Mexico has begun laying the groundwork for the 2026 review of the United States-Mexico-Canada Agreement (T-MEC), with Economy Minister Marcelo Ebrard outlining the country’s key priorities following consultations with domestic stakeholders. The central objective, he said, is to ensure the continuity of the trade pact amid rising political uncertainty in the United States.
Ebrard presented a summary of Mexico’s negotiation strategy to President Claudia Sheinbaum and the Senate, emphasizing three main goals: maintaining the agreement, reinforcing its dispute resolution system, and achieving greater reciprocity in regulatory areas such as labor standards. These priorities reflect concerns that unilateral trade actions—particularly from the US—could disrupt industries that depend heavily on cross-border integration.
The consultation process included a broad range of participants, from industrial chambers and agribusinesses to unions and small and medium-sized enterprises. According to Ebrard, there was unanimous support for keeping the T-MEC in force. ‘The first question was whether to maintain it or not,’ he said. ‘Everyone consulted agreed: it must be maintained.’
The first question was whether to maintain it or not. Everyone consulted agreed: it must be maintained.

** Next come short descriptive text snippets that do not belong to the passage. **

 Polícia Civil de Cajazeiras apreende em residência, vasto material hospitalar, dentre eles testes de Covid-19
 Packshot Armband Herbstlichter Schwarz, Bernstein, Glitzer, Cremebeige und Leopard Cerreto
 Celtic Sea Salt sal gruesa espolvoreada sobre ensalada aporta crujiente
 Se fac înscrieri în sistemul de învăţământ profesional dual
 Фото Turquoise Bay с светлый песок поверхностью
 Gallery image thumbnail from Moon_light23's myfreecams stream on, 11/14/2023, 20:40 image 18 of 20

The timing is significant. The review process comes as political rhetoric in the US casts doubt on the agreement’s future. President Donald Trump, a leading candidate in the upcoming US election, recently described T-MEC as ‘irrelevant’. In response, President Sheinbaum reaffirmed Mexico’s commitment to the treaty and noted that many US businesses also have a vested interest in its preservation. ‘Those who most defend the agreement are American companies,’ she said.
Mexico’s push for stronger dispute settlement provisions aims to prevent abrupt policy shifts that could harm sectors such as manufacturing and agriculture. Ebrard argued that a more robust enforcement mechanism would help ensure that all three countries adhere to agreed rules, reducing uncertainty for investors and exporters alike.
Another priority is achieving what Ebrard termed ‘reciprocity or parity’ in regulatory frameworks, particularly in labor enforcement. This reflects longstanding concerns in Mexico about asymmetrical compliance expectations under T-MEC provisions. However, calls for greater parity could face resistance from US unions and regulators who remain skeptical about Mexico’s labor reforms.
Despite political tensions, Ebrard stressed that Mexico and the US remain engaged in regular, professional dialogue on trade matters. He pointed to economic data showing growth in employment and bilateral trade as evidence of T-MEC’s success so far.
Still, negotiations may prove challenging. While Mexico seeks stronger enforcement tools and regulatory balance, US negotiators may resist changes that constrain their ability to act unilaterally on trade issues. The broader political climate—particularly during a US election year—could further complicate efforts to reach consensus before 2026.
For now, Mexico appears focused on defending what it sees as a cornerstone of its economic strategy: a trilateral agreement that has helped anchor its integration into North American supply chains. Whether that vision will align with shifting political winds north of the border remains uncertain.